| Listed entries |
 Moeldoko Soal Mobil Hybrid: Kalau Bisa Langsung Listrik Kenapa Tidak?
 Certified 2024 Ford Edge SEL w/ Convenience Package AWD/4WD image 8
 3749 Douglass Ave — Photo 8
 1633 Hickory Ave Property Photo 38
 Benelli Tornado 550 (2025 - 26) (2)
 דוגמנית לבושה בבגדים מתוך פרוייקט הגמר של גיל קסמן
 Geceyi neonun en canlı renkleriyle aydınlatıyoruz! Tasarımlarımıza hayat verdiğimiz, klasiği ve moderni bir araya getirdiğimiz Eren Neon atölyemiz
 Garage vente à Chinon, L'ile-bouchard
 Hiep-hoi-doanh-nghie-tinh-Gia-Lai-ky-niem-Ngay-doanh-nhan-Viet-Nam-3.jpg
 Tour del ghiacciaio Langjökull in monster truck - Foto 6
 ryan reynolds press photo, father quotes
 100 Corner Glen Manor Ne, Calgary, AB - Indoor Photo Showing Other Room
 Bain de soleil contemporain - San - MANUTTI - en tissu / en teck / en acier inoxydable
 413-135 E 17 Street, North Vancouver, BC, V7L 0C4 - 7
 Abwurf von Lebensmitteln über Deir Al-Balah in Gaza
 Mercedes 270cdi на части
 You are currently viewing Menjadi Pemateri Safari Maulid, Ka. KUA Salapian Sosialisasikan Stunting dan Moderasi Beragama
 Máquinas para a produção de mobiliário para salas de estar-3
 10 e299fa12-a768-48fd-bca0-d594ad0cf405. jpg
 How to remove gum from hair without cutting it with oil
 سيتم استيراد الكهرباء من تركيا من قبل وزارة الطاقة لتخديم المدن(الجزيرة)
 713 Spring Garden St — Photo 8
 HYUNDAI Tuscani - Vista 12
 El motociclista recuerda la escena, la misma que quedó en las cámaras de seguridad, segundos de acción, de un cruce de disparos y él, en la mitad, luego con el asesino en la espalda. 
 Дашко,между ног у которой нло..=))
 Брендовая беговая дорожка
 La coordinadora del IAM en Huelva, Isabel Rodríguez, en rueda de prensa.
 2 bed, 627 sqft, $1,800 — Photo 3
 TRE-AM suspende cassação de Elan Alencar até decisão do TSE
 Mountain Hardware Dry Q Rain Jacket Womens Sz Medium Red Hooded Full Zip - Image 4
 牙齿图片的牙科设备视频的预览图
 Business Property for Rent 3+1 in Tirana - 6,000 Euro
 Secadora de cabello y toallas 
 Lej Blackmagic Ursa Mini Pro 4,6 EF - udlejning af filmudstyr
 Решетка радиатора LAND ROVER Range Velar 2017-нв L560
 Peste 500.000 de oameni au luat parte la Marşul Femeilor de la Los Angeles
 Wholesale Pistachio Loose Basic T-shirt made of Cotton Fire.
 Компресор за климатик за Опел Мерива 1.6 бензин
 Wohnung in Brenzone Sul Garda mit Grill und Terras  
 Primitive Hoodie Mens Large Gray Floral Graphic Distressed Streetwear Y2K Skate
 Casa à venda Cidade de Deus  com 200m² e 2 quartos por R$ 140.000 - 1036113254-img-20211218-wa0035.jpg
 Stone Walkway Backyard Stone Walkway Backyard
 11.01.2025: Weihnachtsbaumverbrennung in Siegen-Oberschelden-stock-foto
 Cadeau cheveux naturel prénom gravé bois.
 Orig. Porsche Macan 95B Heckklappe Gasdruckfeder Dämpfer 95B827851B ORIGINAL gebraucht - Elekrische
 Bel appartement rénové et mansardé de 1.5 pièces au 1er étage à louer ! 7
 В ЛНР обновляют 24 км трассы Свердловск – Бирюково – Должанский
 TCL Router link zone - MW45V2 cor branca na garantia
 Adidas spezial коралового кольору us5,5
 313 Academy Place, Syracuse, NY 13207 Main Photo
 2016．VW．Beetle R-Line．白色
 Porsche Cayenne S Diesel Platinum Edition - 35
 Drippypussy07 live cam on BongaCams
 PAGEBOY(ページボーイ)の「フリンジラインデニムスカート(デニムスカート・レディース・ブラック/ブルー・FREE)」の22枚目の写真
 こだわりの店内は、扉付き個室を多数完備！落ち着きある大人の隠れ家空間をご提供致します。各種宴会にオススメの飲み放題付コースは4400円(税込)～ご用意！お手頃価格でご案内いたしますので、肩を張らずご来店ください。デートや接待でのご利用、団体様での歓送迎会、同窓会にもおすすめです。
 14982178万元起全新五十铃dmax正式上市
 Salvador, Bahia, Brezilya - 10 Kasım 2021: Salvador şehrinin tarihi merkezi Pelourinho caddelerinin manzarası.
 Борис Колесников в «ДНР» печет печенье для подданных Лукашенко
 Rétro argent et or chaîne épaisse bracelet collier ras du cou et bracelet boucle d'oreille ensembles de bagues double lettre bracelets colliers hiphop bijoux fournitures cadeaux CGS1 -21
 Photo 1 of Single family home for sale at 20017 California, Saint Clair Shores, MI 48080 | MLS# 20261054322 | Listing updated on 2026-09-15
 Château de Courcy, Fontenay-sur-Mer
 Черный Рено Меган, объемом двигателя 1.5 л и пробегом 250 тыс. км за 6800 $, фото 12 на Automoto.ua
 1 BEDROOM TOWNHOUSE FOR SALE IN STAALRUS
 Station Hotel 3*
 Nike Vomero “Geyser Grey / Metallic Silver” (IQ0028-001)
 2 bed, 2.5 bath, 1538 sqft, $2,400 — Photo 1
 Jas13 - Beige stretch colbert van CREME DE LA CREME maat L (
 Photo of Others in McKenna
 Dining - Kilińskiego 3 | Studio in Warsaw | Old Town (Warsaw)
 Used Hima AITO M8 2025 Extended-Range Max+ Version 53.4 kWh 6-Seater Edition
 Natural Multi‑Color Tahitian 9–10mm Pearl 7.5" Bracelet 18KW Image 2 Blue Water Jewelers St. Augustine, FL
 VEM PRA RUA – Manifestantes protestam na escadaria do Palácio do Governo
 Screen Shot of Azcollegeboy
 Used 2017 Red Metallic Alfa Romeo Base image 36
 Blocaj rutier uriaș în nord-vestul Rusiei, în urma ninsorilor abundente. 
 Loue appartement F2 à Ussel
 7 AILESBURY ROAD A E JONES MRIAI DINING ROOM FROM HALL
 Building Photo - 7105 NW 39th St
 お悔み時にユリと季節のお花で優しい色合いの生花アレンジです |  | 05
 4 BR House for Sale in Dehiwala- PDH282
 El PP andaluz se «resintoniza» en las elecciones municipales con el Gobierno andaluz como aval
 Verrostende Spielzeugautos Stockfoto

| Assignment |
Within the listing above, locate the line containing "Wholesale Pistachio Loose" and the line containing "Stone Walkway Backyard Stone". Reproduce those two lines and all lines between them exactly, with nothing added.

| Exercise answer |
 Wholesale Pistachio Loose Basic T-shirt made of Cotton Fire.
 Компресор за климатик за Опел Мерива 1.6 бензин
 Wohnung in Brenzone Sul Garda mit Grill und Terras  
 Primitive Hoodie Mens Large Gray Floral Graphic Distressed Streetwear Y2K Skate
 Casa à venda Cidade de Deus  com 200m² e 2 quartos por R$ 140.000 - 1036113254-img-20211218-wa0035.jpg
 Stone Walkway Backyard Stone Walkway Backyard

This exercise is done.